START Exercise data

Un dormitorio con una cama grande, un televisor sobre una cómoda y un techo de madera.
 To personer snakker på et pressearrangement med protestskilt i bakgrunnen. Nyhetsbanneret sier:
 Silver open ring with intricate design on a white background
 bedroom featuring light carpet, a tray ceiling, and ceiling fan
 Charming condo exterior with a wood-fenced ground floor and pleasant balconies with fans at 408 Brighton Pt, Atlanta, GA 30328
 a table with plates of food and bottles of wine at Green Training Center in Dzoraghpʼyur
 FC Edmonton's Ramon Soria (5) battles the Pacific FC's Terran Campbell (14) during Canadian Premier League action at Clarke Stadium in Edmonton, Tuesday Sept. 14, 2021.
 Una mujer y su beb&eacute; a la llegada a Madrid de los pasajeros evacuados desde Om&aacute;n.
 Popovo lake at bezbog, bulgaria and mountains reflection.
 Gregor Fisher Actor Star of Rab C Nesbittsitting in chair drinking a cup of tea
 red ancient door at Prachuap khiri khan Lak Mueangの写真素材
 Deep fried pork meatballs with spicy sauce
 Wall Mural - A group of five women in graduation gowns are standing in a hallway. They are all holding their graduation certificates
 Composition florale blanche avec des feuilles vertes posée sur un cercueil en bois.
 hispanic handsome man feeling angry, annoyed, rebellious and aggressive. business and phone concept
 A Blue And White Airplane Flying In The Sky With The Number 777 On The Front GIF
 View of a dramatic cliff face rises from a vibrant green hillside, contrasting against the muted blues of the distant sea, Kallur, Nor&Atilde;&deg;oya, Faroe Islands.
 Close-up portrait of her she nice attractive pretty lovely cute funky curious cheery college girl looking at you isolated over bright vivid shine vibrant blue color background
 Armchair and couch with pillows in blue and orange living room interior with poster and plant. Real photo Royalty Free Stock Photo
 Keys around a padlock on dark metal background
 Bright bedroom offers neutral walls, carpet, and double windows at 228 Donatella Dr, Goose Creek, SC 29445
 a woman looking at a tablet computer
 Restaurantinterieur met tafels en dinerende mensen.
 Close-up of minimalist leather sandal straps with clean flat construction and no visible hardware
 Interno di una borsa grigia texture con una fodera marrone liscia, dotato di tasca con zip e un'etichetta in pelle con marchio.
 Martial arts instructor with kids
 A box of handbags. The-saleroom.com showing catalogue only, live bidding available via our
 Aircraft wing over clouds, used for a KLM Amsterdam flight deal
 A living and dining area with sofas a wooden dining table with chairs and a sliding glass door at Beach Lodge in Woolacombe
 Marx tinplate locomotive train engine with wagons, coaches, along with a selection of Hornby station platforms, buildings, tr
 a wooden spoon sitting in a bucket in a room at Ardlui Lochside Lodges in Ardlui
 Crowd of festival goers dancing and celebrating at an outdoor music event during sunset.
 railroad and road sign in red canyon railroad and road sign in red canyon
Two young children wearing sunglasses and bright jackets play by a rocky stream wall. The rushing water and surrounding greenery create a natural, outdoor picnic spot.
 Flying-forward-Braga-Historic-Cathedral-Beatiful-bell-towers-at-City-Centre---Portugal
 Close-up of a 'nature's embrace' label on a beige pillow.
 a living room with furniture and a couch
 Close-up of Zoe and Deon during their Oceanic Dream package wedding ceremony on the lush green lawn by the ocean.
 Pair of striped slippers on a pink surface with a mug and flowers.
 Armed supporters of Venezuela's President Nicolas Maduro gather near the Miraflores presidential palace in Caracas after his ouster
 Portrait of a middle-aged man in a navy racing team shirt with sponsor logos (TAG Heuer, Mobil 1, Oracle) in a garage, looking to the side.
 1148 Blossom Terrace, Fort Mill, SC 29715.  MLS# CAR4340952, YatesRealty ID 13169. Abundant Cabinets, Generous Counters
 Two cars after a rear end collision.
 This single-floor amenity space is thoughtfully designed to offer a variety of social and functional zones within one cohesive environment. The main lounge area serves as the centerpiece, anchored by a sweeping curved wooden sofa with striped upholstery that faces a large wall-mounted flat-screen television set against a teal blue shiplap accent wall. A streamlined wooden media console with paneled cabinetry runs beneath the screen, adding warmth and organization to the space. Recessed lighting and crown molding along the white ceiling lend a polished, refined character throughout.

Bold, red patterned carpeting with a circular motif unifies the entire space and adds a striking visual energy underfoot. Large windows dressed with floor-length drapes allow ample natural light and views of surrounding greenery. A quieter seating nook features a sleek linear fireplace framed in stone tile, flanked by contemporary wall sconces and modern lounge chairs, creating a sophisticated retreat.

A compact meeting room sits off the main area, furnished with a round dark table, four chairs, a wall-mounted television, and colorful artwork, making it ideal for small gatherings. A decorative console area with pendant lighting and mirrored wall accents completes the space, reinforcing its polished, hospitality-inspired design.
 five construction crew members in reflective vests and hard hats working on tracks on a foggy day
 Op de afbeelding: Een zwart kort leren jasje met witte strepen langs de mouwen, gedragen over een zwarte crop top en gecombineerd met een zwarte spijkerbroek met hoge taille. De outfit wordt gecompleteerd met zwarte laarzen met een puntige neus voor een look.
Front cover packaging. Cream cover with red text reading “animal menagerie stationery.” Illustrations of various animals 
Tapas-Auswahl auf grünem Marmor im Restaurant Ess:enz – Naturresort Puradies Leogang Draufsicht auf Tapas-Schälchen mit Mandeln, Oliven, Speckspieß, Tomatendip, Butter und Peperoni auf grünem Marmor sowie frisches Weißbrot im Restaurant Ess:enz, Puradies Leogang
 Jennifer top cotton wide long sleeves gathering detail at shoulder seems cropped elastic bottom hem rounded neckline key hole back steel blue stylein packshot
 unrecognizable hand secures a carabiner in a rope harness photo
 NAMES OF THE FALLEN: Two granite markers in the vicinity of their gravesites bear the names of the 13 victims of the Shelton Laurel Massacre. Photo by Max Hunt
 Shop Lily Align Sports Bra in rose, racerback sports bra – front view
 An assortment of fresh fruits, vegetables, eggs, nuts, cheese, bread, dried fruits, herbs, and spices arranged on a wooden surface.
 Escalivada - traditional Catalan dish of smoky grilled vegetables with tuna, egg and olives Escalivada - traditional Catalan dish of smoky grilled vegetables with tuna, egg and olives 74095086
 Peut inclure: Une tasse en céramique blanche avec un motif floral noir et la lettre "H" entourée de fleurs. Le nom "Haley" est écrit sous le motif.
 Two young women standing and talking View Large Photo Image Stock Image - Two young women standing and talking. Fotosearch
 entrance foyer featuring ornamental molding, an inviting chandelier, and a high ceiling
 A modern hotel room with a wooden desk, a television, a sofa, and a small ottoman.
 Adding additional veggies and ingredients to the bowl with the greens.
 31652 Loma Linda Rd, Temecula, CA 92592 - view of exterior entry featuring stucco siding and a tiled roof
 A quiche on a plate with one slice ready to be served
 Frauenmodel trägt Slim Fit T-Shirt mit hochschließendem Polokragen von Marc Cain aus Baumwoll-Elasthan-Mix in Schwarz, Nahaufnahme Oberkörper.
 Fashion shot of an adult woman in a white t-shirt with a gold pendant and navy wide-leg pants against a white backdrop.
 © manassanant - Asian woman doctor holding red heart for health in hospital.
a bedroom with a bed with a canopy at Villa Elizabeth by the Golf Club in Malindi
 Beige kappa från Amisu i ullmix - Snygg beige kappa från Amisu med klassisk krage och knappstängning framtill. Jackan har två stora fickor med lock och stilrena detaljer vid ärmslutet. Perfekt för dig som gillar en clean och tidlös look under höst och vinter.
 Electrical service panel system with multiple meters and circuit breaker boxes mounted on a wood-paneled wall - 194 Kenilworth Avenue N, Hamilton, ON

END Exercise data

## Action item
Going back to the entries above, set down exactly the lines that begin at the one with "This single-floor amenity" and end at the one with "Bold, red patterned", both included, and nothing else.

## Reply
 This single-floor amenity space is thoughtfully designed to offer a variety of social and functional zones within one cohesive environment. The main lounge area serves as the centerpiece, anchored by a sweeping curved wooden sofa with striped upholstery that faces a large wall-mounted flat-screen television set against a teal blue shiplap accent wall. A streamlined wooden media console with paneled cabinetry runs beneath the screen, adding warmth and organization to the space. Recessed lighting and crown molding along the white ceiling lend a polished, refined character throughout.

Bold, red patterned carpeting with a circular motif unifies the entire space and adds a striking visual energy underfoot. Large windows dressed with floor-length drapes allow ample natural light and views of surrounding greenery. A quieter seating nook features a sleek linear fireplace framed in stone tile, flanked by contemporary wall sconces and modern lounge chairs, creating a sophisticated retreat.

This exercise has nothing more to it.